En ce qui concerne mes rapports avec Munich, je ne puis vous dire grand’chose : vous pouvez dissiper vous-même les vapeurs mensongères, si vous voulez y voir clair. Le fait est que je prends tout au sérieux et qu’il ne peut être question de prudence avec moi. Il s’agit à présent de laisser quelque temps au jeuhe roi, afin qu’il apprenne un peu à régner et à être le maître. L’école des souffrances actuelles lui fera du bien. Son trop grand amour pour moi l’empêchait de regarder autour de lui et de se rendre compte d’autres choses : il était facile à tromper. Il ne connaît personne et — doit d’abord apprendre à connaître les gens. Mais j’ai de l’espoir pour lui. De même que je suis à jamais certain de son amour, j’ai confiance dans le développement de ses admirables facultés. Il lui reste seulement à apprendre à connaître un peu plus les hommes. Alors il saura facilement distinguer ce qui est juste.

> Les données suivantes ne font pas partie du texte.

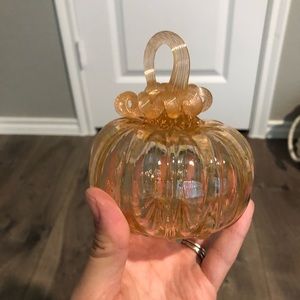 Pink glass blown pumpkin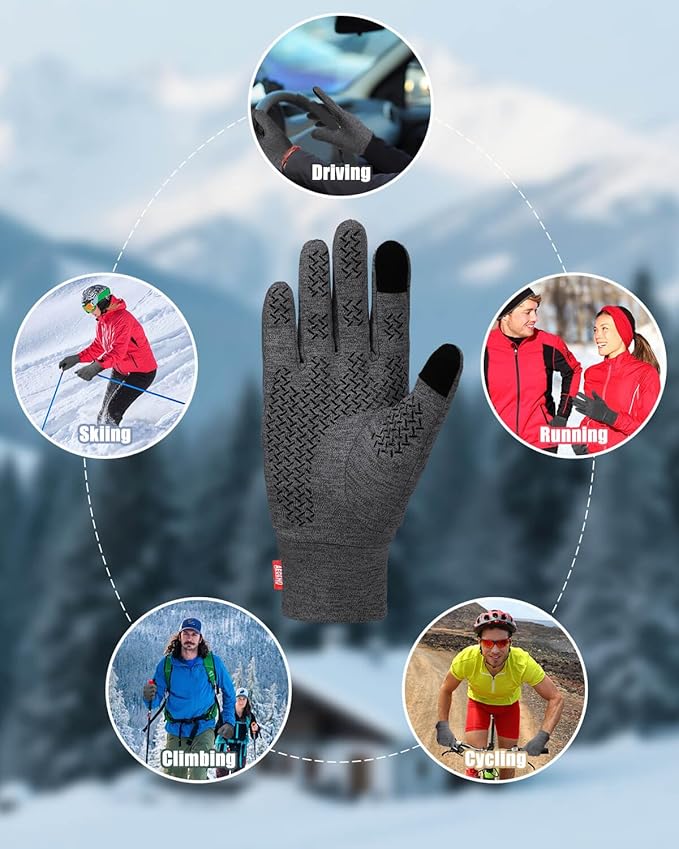Aegend Lightweight Winter Gloves for Men Women, Warm Running Gloves Touchscreen Thermal Glove Liners for Cold Weather Driving, Cycling & Hiking, Non-Slip, Elastic Cuff, Stretchy, Durable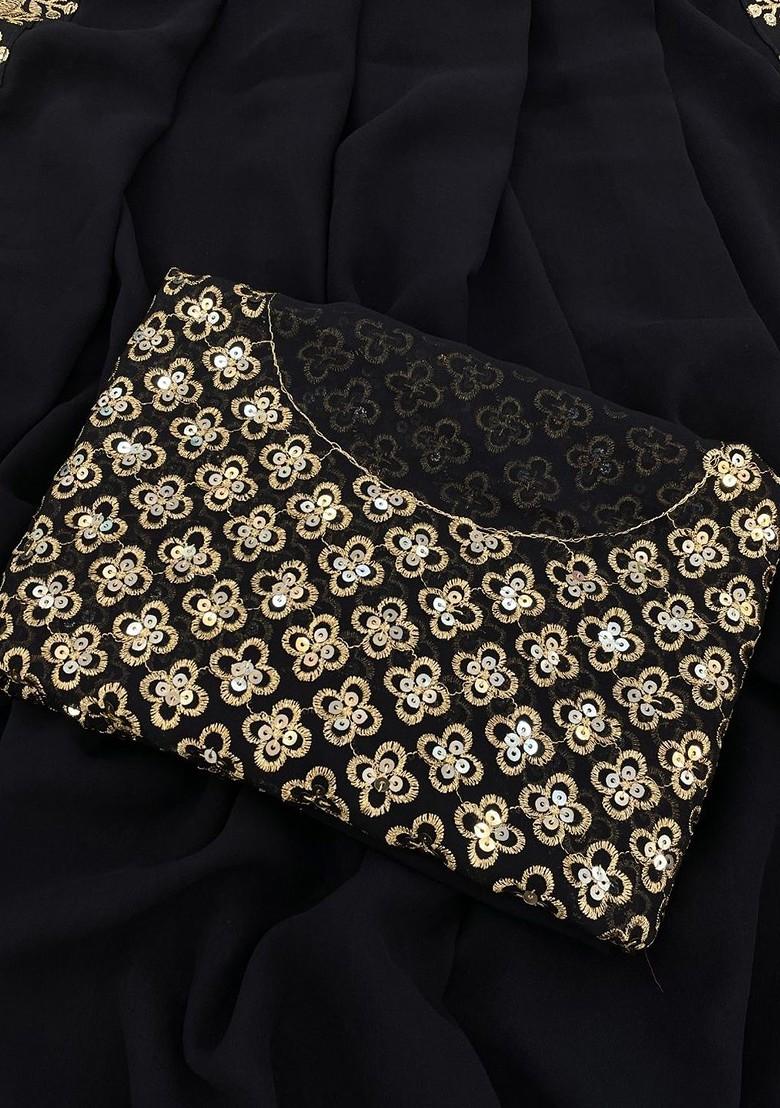 Black Embroidered Blended Saree Set - Indya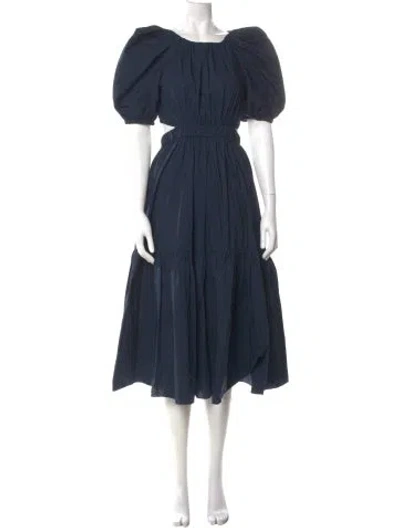 Pre-owned Ulla Johnson Crew Neck Long Dress In Blue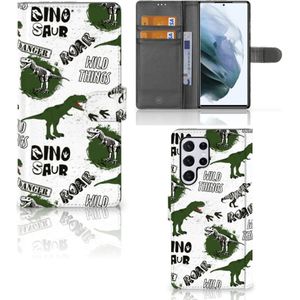 Telefoonhoesje met Pasjes voor Samsung Galaxy S22 Ultra Dinosaurus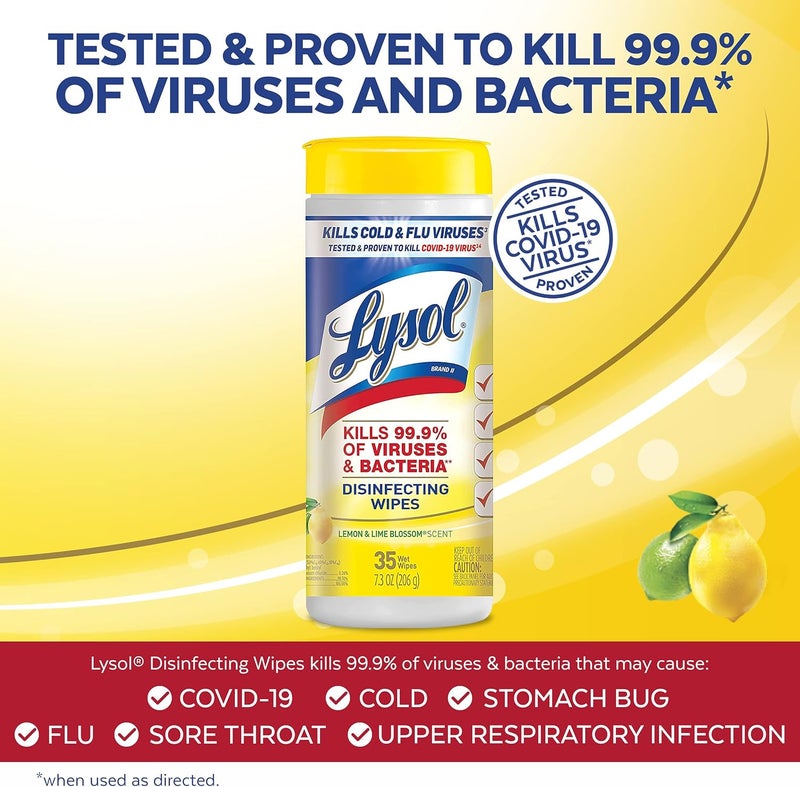 Lysol مناديل مطهرة، للتعقيم، والتعطير، والتنظيف، رائحة الليمون وزهرة الليمون، 35 قطعة - Image 1
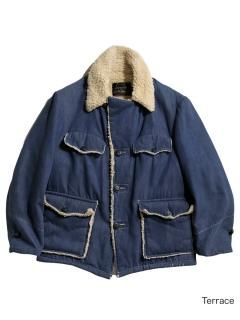 70s Sears Denim Boa Lunch Coat 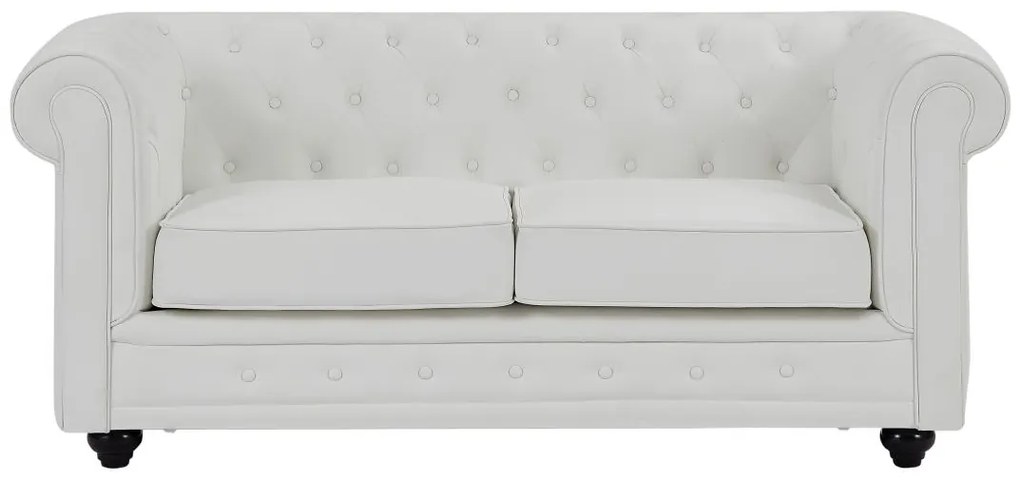 Divano 2 posti in Similpelle Bianco - CHESTERFIELD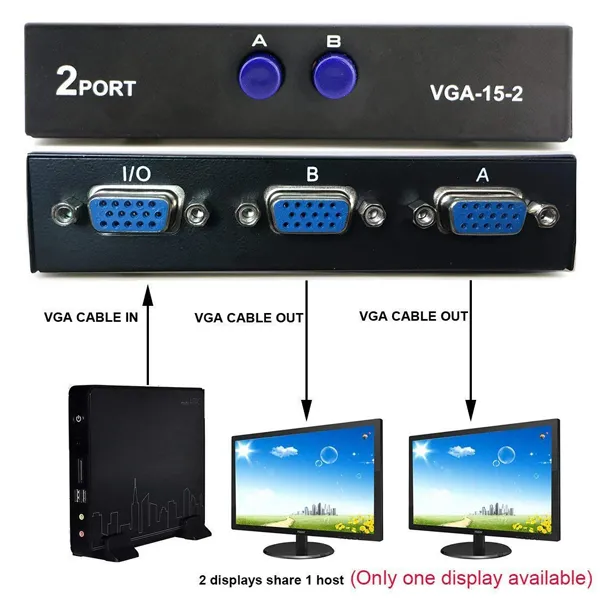 VGA Video Switch with Button for PS4, PC, TV, Projector, Monitor - Image 2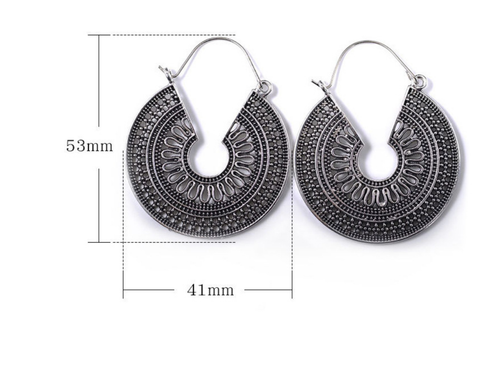 Hoop Heart Gold Boho Vintage Tibetan Flower Ornate Hoop Dangle Earrings - Picture 26 of 28
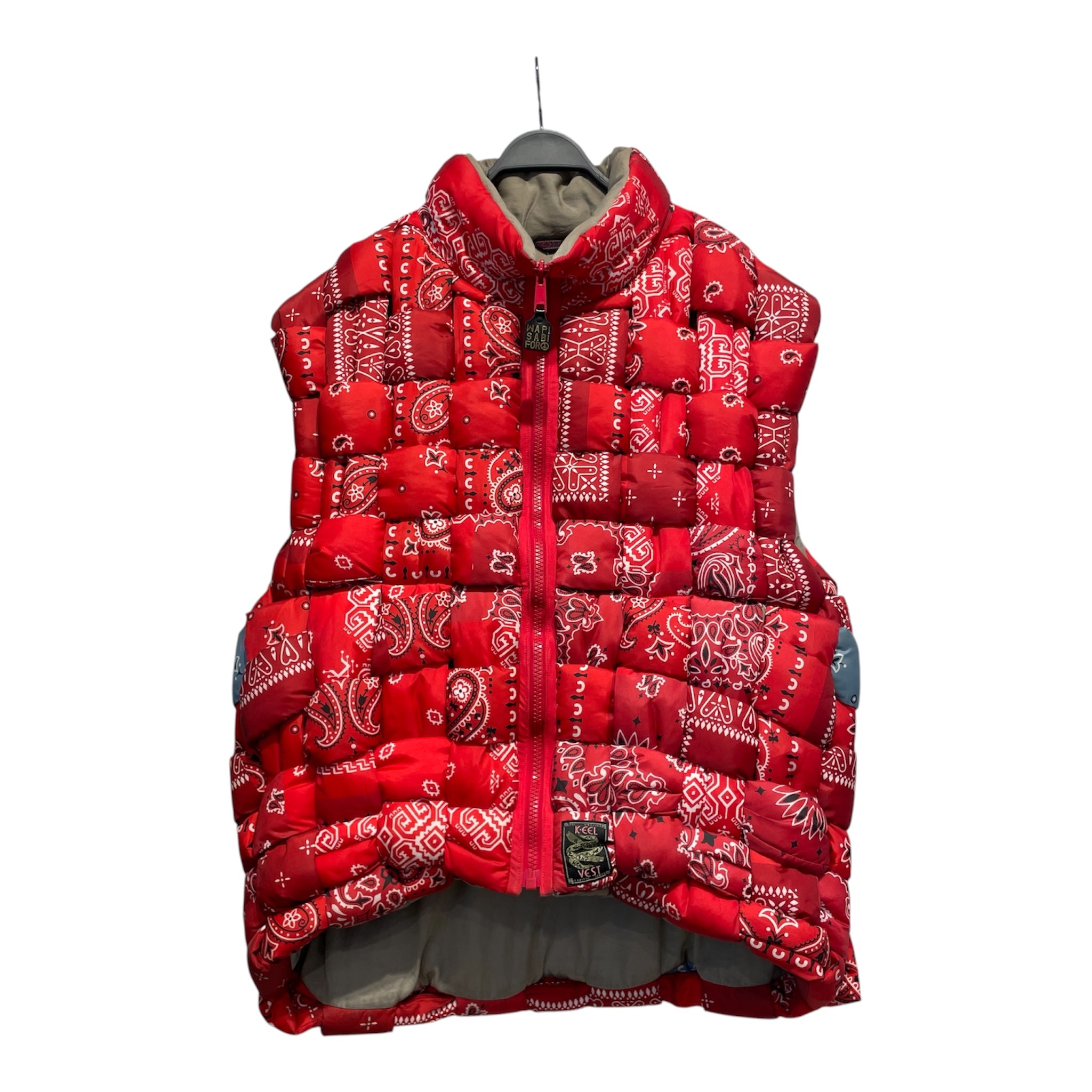 KAPITAL/Puffer Vest/XL/Paisley/Polyester/RED/EEL WEAVING VEST view 1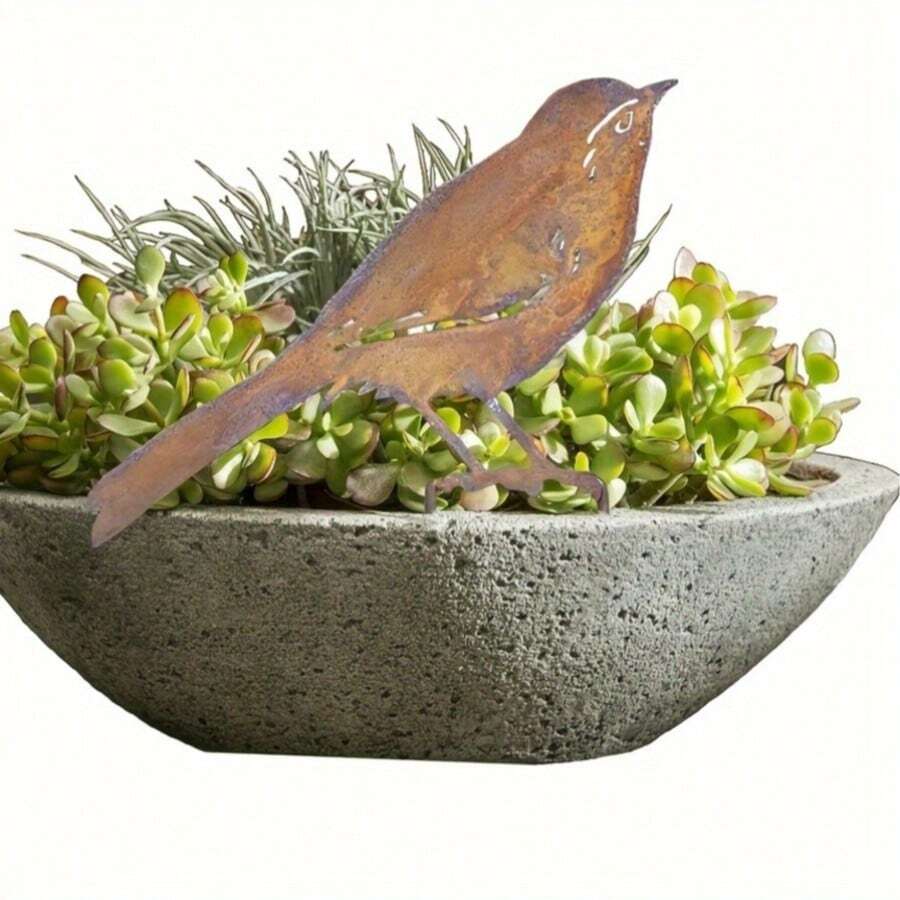 1件鐵藝自然鐵鏽色鳥類花園插樁花盆裝飾 - 均碼 - 查看 1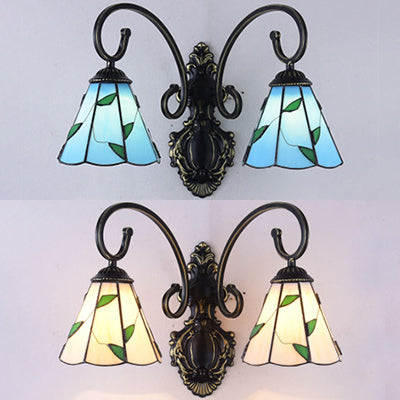 BowLift | Stained Glass Leaf Wall Lamp Rustic Style 2 Lights Wall Mount Lamp in Blue/Beige for Dining Room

Envoyez-moi Félicitas et ne considérez pas ma demande comme une flatterie ! —

Adieu ! Bien des amitiés à Wille.

Votre
Richard Wagner.

Si j’ajoute quelques mots aux deux dernières lettres de Wagner, c’est qu’il ressort de ces lettres que c’était dans des circonstances difficiles et précaires qu’il vivait à Munich, de sorte qu’il aimait à se ménager un temps de repos pour échapper à de mesquines persécutions et pour laisser se dissiper « les vapeurs mensongères », qui ne se rassemblaient que trop facilement autour de lui.

La lettre que Wagner m’écrivit de Genève, me parvint à Hambourg et m’alarma. Je ne connaissais pas Munich, mais je savais que les savants et les poètes de l’Allemagne du Nord qui avaient reçu les faveurs du roi Max, avaient excité l’antipathie des Munichois. Bien plus sérieuse et plus profonde me semblait l’animosité que beaucoup éprouvaient contre l’homme extraordinaire sur lequel la faveur royale n’avait versé que trop généreusement la fortune et l’éclat.

Ce qui, dès le principe, m’avait préoccupée, c’est que les choses avaient été poussées d’emblée jusqu’à l’extrême, et ne présentaient aucune garantie de durée. C’est pour cette raison que je n’avais pas accepté les invitations de Wagner, que je n’avais pas assisté aux représentations de Tristan et Isolde, que je n’avais pas été le voir à Starnberg et je ne pouvais pas encore trouver la forme exacte pour lui écrire ce que j’avais sur le cœur, c’est-à-dire qu’il n’était pas l’homme qui pût faire sentir au jeune monarque, que l’art et la poésie ne peuvent être le but suprême des pensées royales, mais que celui qui est appelé à porter un peuple dans son cœur et à en inscrire les droits dans sa conscience, prend sur lui des devoirs plus difficiles et plus sérieux. Je ne sais si cette fois ma lettre formula ma pensée, ni si elle parvint jamais entre les mains de "Wagner, en tous les cas je ne reçus pas de réponse et pendant les trois mois que je restai à Hambourg à cause de l’état de santé de mon père, nous n’échangeâmes aucun signe de vie.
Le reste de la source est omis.